Comment by RealityVoid

Comment by RealityVoid 4 days ago

9 replies

> they were given the specs and not allowed to communicate with the other teams in any way during the hw and sw development.

Jeez, it would drive me _up the wall_. Let's say I could somewhat justify the security concerns, but this seems like it severely hampers the ability to design the system. And it seems like a safety concern.

lambdaone 4 days ago

What you are trying to minimize here is the error rate of the composite system, not the error rate of the individual modules. You take it as a given that all the teams are doing their human best to eliminate mistakes from their design. The idea of this is to make it likely that the mistakes that remain are different mistakes from those made by the other teams.

Providing errors are independent, it's better to have three subsystems with 99% reliability in a voting arrangement than one system with 99.9% reliability.

  • saltcured 4 days ago

    This seems like it would need some referees who watch over the teams and intrude with, "no, that method is already claimed by the other team, do something else"!

    Otherwise, I can easily see teams doing parallel construction of the same techniques. So many developments seem to happen like this, due to everyone being primed by the same socio-technical environment...

K0balt 4 days ago

The idea was to build three completely different systems to produce the same data, so that an error or problem in one could not be reasonably replicated in the others. In a case such as this, even ideas about algorithms could result in undesirable similarities that could end up propagating an attack surface, a logic error, or a hardware weakness or vulnerability. The desired result is that the teas solve the problem separately using distinct approaches and resources.

  • Filligree 4 days ago

    And did they?

    Sometimes the solution is obvious, such that if you ask three engineers to solve it you’ll get three copies of the same solution, whereas that might not happen if they’re able to communicate.

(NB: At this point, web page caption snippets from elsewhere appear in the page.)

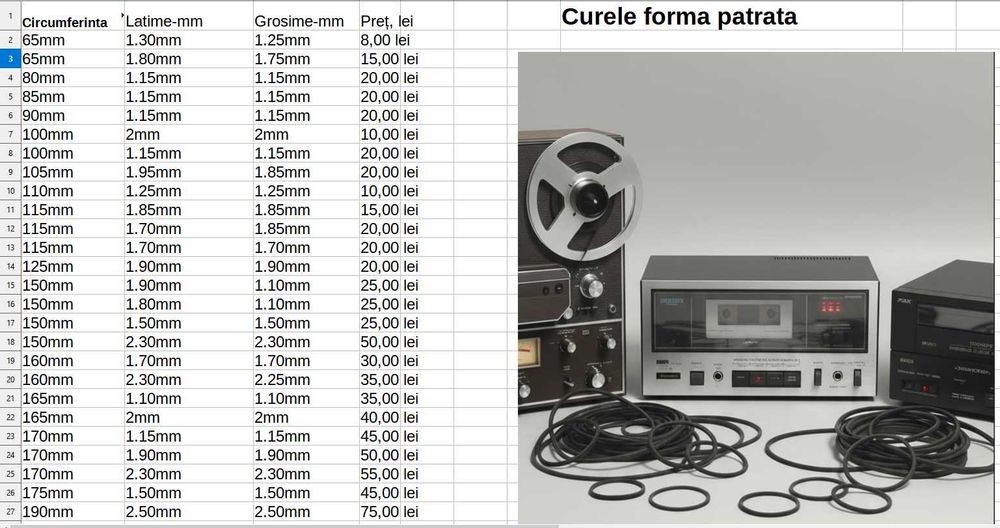 pick-up curele origine japan :curele automatizari ,magnetofon,deck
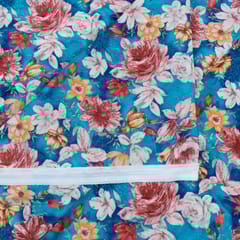 Blue Colour Velvet Digital Printed Fabric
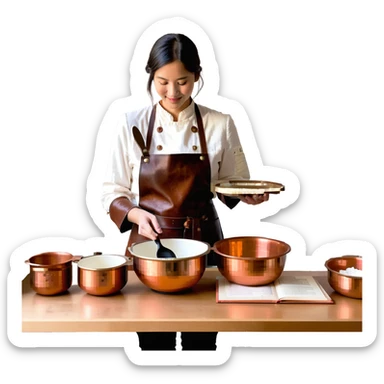 A confident journeyman baker working with copper mixing bowls, enamel measuring cups, and a leather-bound recipe book. The environment features warm lighting, brass utensils, and stitched cloth textures. UI elements resemble embossed leather tabs and metallic buttons. sticker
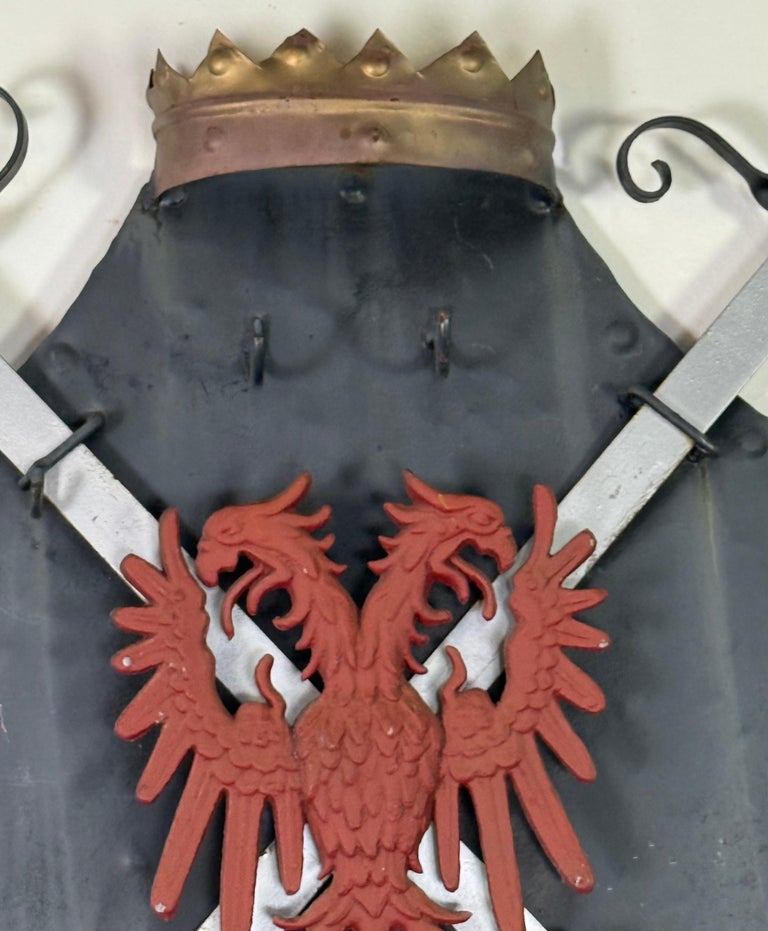 Pair of Vintage Iron Heraldic Wall Plaques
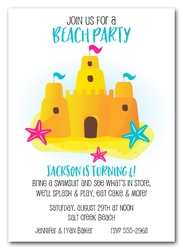 Sandcastle and Starfish Invitations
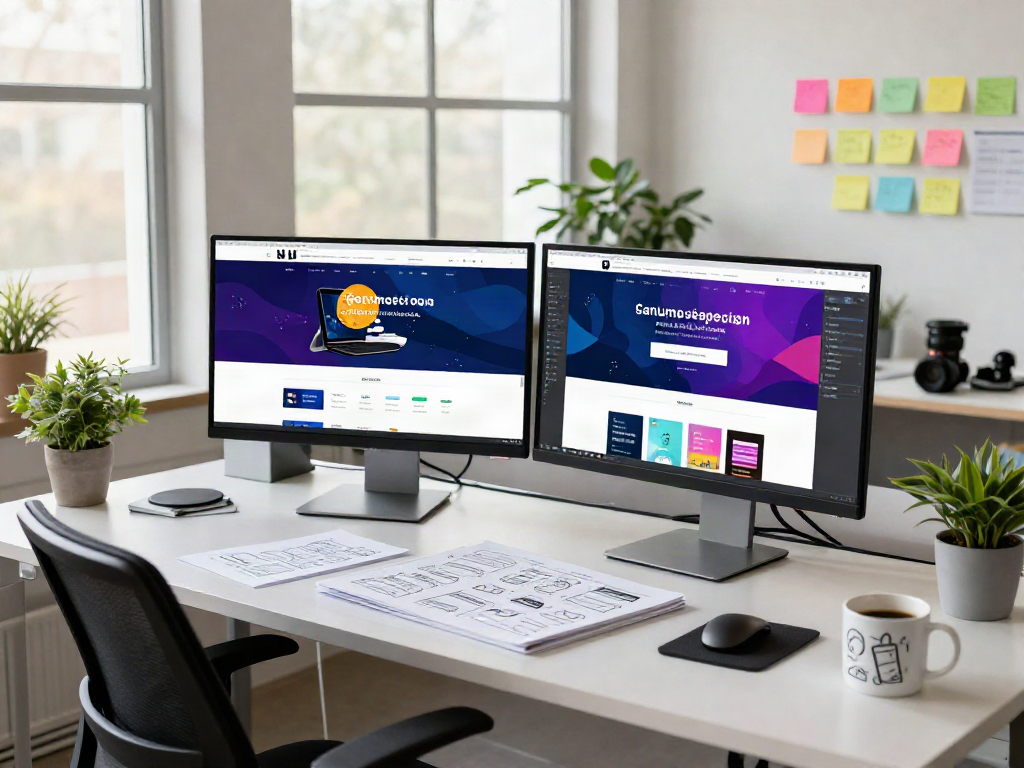 Web design workspace at Sanumwebdesign featuring designer at dual monitors creating vibrant website mockups.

    I’m sure they knew what they were doing, but I wonder how they avoided that scenario.

    • addaon 4 days ago

      I can (and have in past) written a long explanation on my experience with this, but…

      Redundancy is a tool for reducing the probability of encountering statistical errors, which come from things like SEUs.

      Dissimilarity is a tool for reducing the “probability” of encountering non-statistical errors — aka defects, bugs — but it’s a bit of a category error to discuss the probability of a non-probabilistic event; either the bug exists or it does not, at best you can talk about the state coverage that corresponds to its observability, but we don’t sample state space uniformly.

      There has been a trend in the past few decades, somewhat informed by NASA studies, to favor redundancy as the (only, effective) tool for mitigating statistical errors, but to lean against heavy use of dissimilarity for software development in particular. This is because of a belief that (a) independent software teams implement the same bugs anyway and (b) an hour spent on duplication is better spent on testing. But at the absolute highest level of safety, where development hours are a relatively low cost compared to verification hours, I know it’s still used; and I don’t know how the hardware folks’ philosophy has evolved.

    • cmckn 4 days ago

      Even with the same approach, I imagine the implementation could differ enough to still meet the goal. But I’m also curious if the differences were actually quantified after the fact, it seems an important step.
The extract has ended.